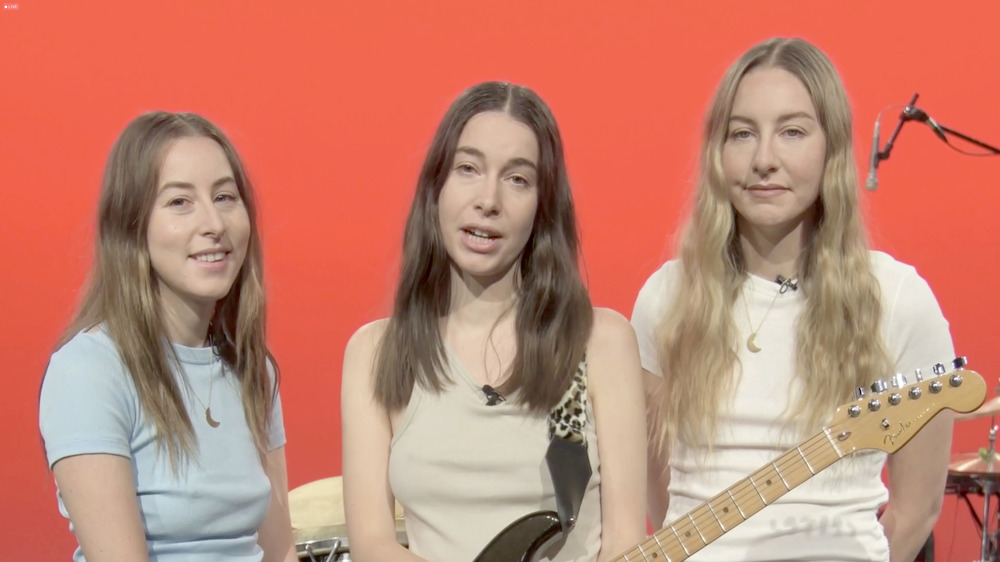 HAIM in front of an orange background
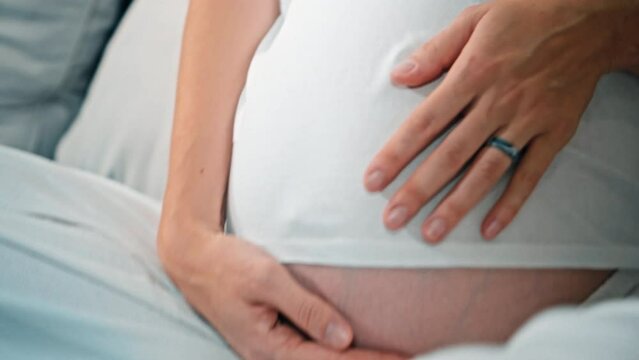 A young pregnant girl with a large stomach, sits at home on the sofa and touches her stomach with her hands.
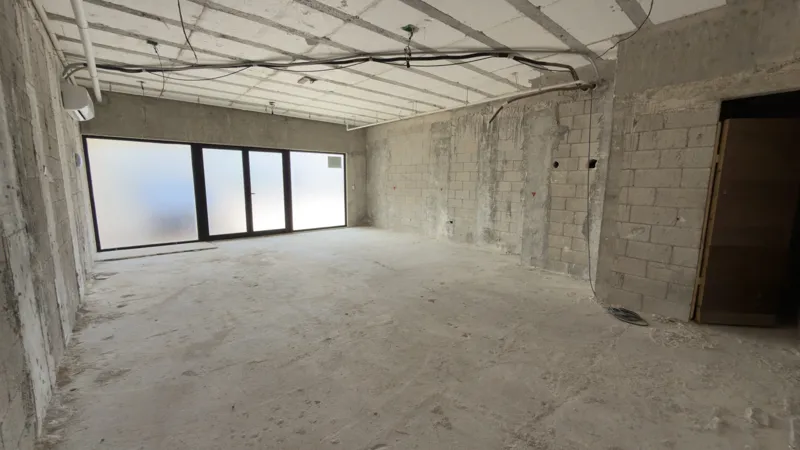 Interior view of a Studio34 apartment unit under construction, showing bare concrete block walls, an unfinished concrete floor, exposed electrical conduits on the ceiling, and a partially installed wooden door frame leading to another room. Red ma...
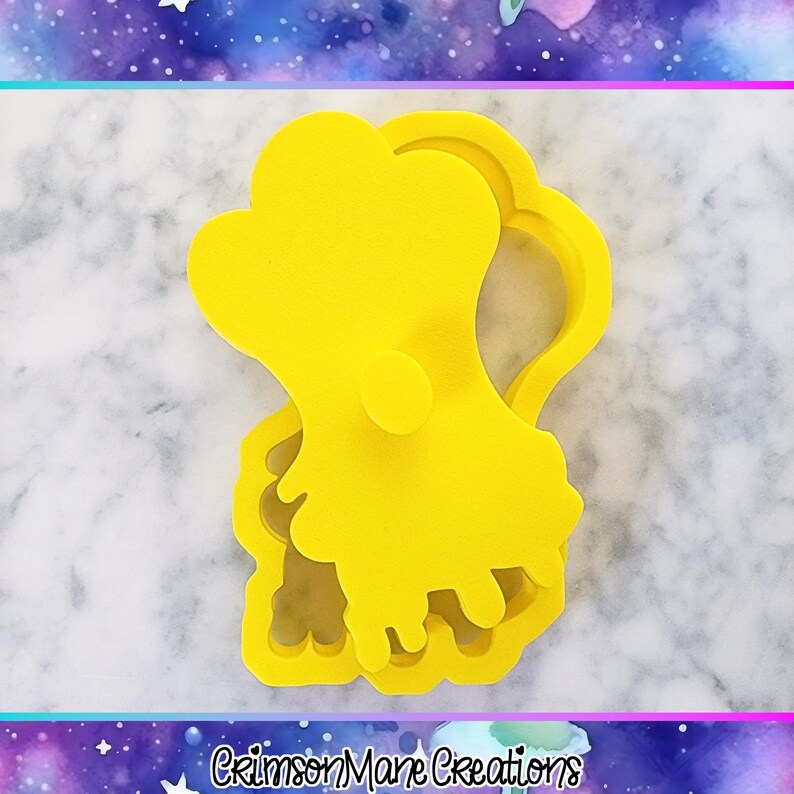 Pu&ograve; includere: Tagliabiscotti giallo brillante a forma di personaggio dei cartoni animati. Il tagliabiscotti ha una parte superiore arrotondata con un piccolo cerchio e un bordo inferiore ondulato. Il testo "Crimson Mane Creations" &egrave; in basso.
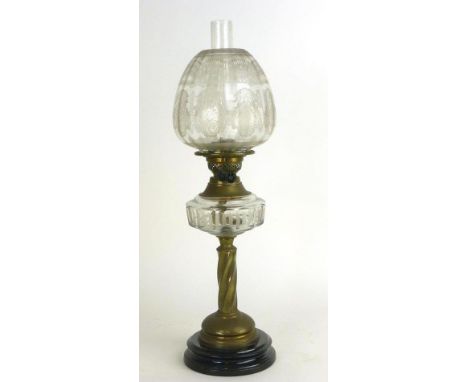 A Victorian oil lamp, the glass shade decorated with sprays and floral motifs on a brass spiral support and a tole base, h. 6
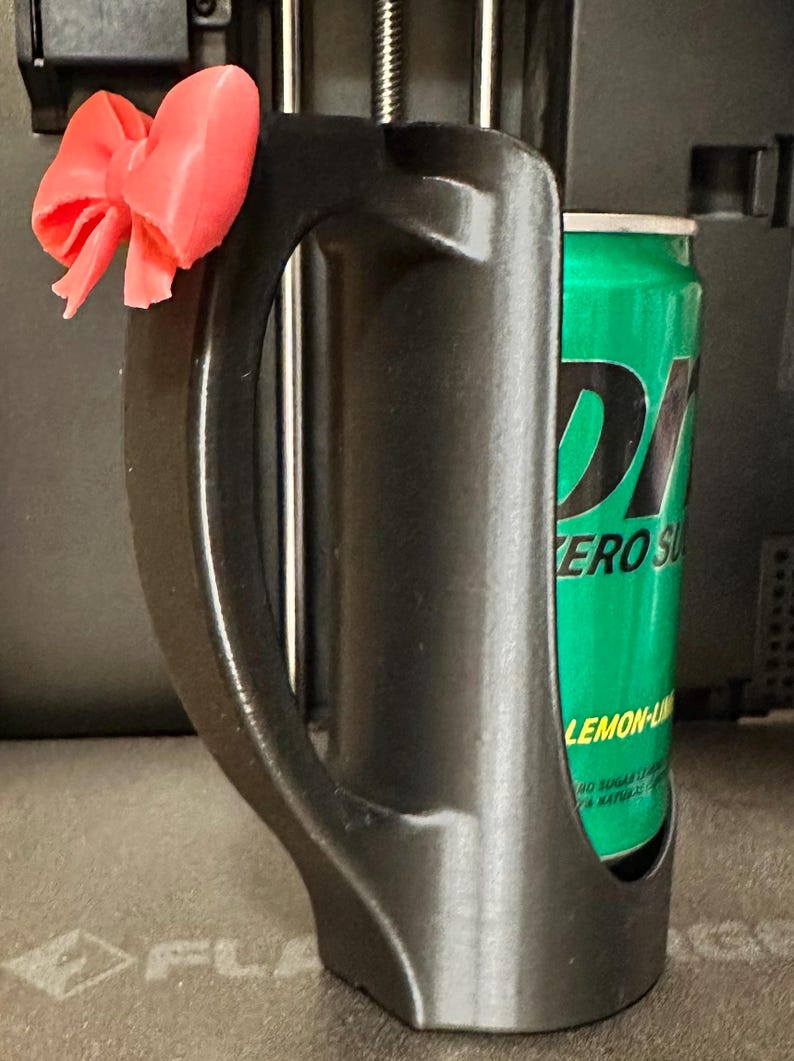 May include: A black 3D-printed can holder with a handle and a decorative pink bow attached. A green can of Zero Sugar Lemon-Lime soda is inside the holder. The holder is designed to keep beverages cold.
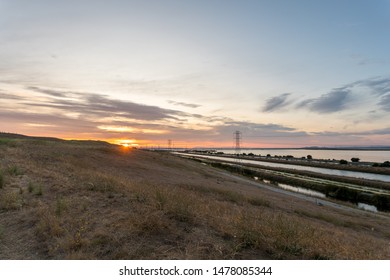 Wide Angle View of Sunset Over Hill With LArge Body of water on the Right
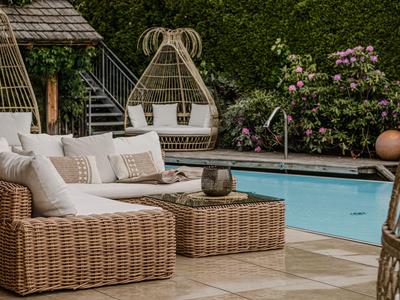 Área exterior moderna con muebles de ratán y piscina en un jardín de hotel.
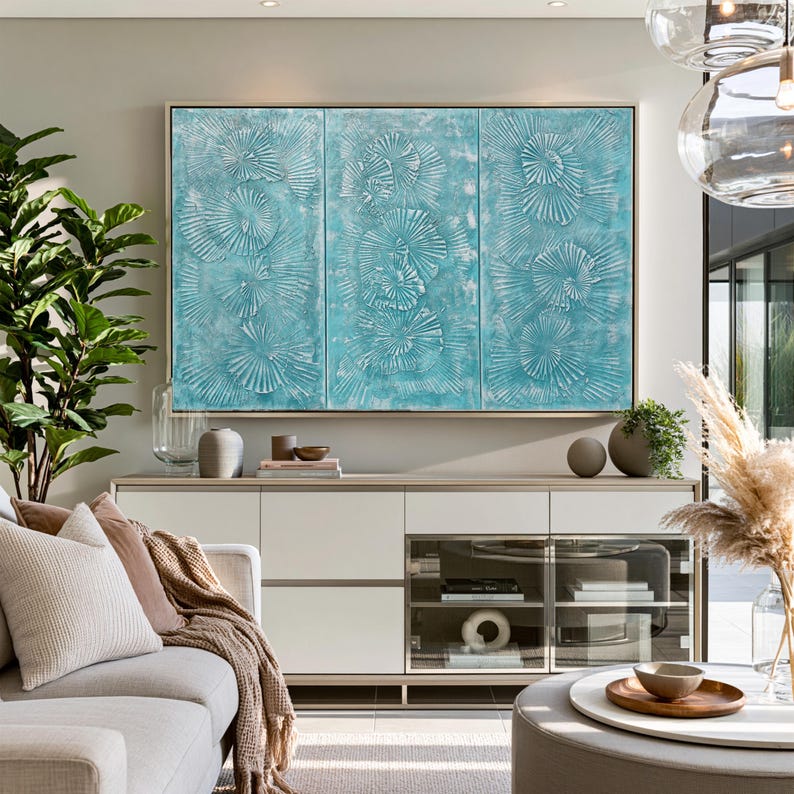 a modern living room with a large turquoise abstract painting on the wall, a white sofa, a glass-fronted entertainment unit, and various decorative elements such as a potted plant, vases, and a bowl.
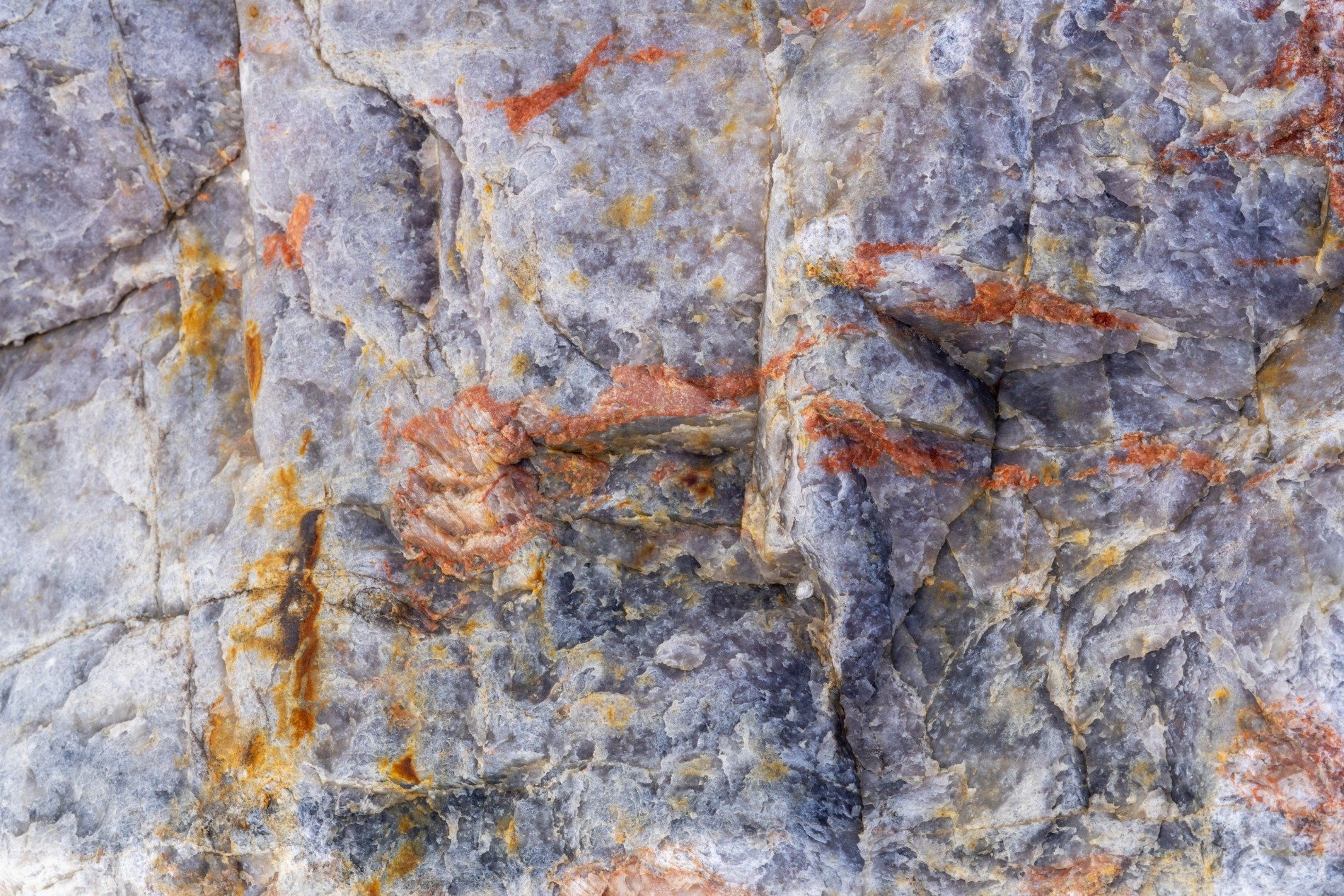 Purple crystal wall, orange rivers flow through stone, frozen time remains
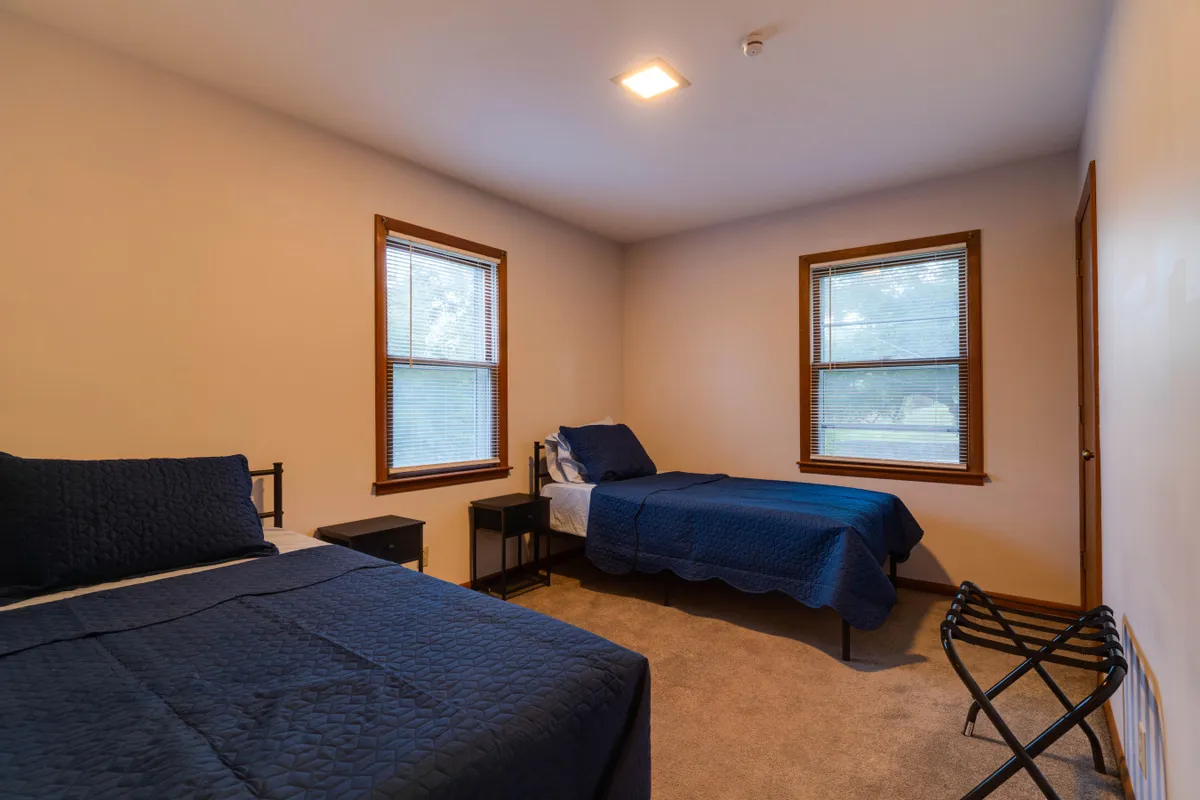 A bright bedroom outfitted with two beds, windows, nightstands, and a folding rack. The room looks comfortable, with soft lighting and a layout that suggests both relaxation and socializing.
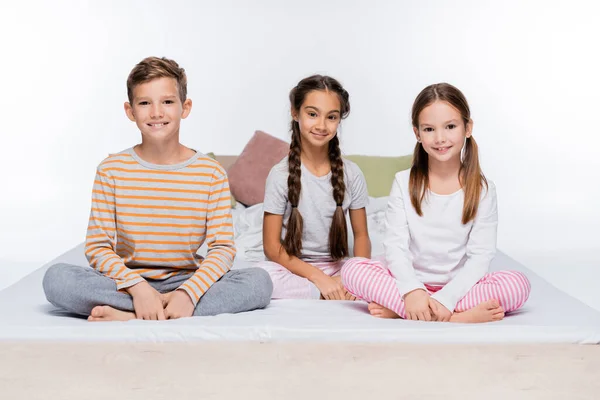 Niños Alegres Sentados Cama Sonriendo Aislados Blanco — Foto de Stock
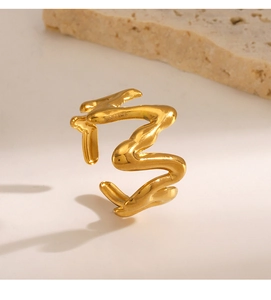 Detailed view of an irregular 18K gold plated lava ring on a decorative stone base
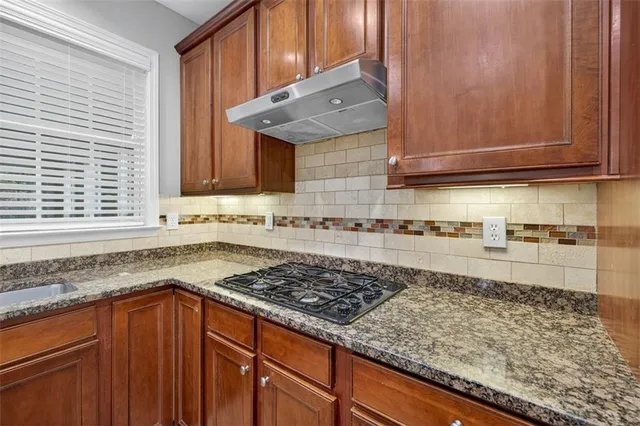 a view of a bedroom with wooden floor and windows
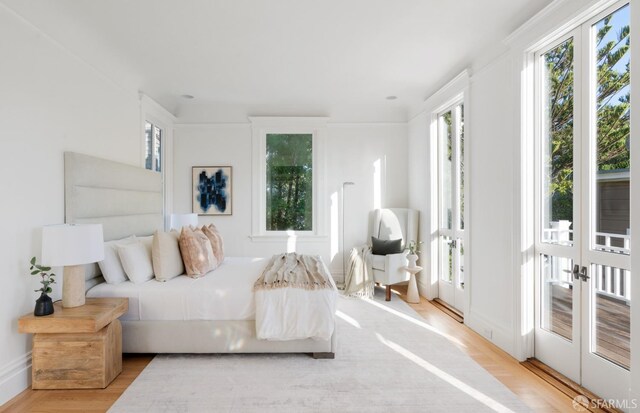 bedroom featuring french doors and wood finished floors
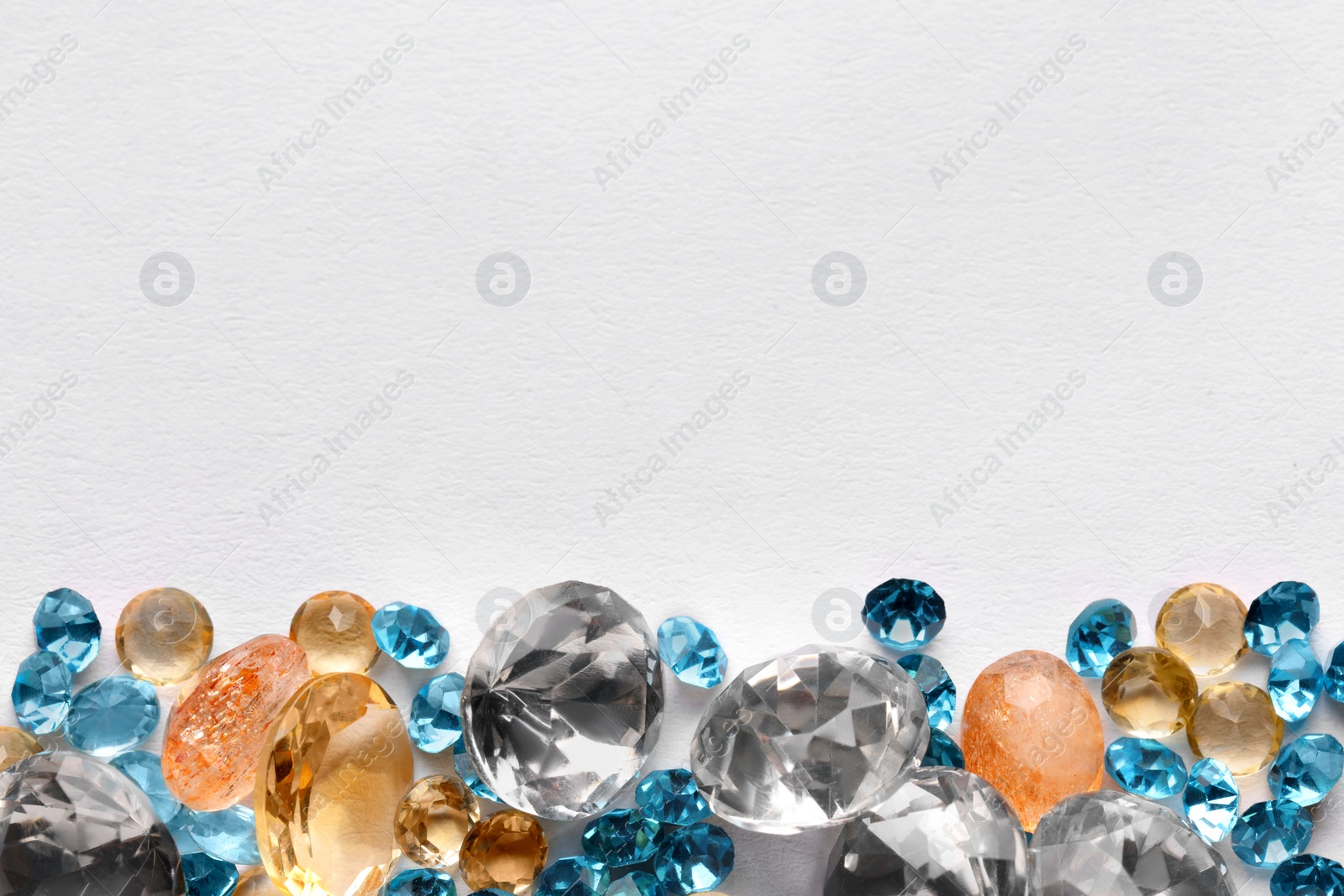 Photo of Different beautiful gemstones for jewelry on white background, top view. Space for text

What is expected: Word-for-word copy, no pictures: write out the entries above in full.

Answer to this exercise:
 HAIM in front of an orange background
 A young pregnant girl with a large stomach, sits at home on the sofa and touches her stomach with her hands.
 Interior view of a Studio34 apartment unit under construction, showing bare concrete block walls, an unfinished concrete floor, exposed electrical conduits on the ceiling, and a partially installed wooden door frame leading to another room. Red ma...
 Pu&ograve; includere: Tagliabiscotti giallo brillante a forma di personaggio dei cartoni animati. Il tagliabiscotti ha una parte superiore arrotondata con un piccolo cerchio e un bordo inferiore ondulato. Il testo "Crimson Mane Creations" &egrave; in basso.
 A Victorian oil lamp, the glass shade decorated with sprays and floral motifs on a brass spiral support and a tole base, h. 6
 May include: A black 3D-printed can holder with a handle and a decorative pink bow attached. A green can of Zero Sugar Lemon-Lime soda is inside the holder. The holder is designed to keep beverages cold.
 Wide Angle View of Sunset Over Hill With LArge Body of water on the Right
 Área exterior moderna con muebles de ratán y piscina en un jardín de hotel.
 a modern living room with a large turquoise abstract painting on the wall, a white sofa, a glass-fronted entertainment unit, and various decorative elements such as a potted plant, vases, and a bowl.
 Purple crystal wall, orange rivers flow through stone, frozen time remains
 A bright bedroom outfitted with two beds, windows, nightstands, and a folding rack. The room looks comfortable, with soft lighting and a layout that suggests both relaxation and socializing.
 Niños Alegres Sentados Cama Sonriendo Aislados Blanco — Foto de Stock
 Detailed view of an irregular 18K gold plated lava ring on a decorative stone base
 a view of a bedroom with wooden floor and windows
 bedroom featuring french doors and wood finished floors
 Photo of Different beautiful gemstones for jewelry on white background, top view. Space for text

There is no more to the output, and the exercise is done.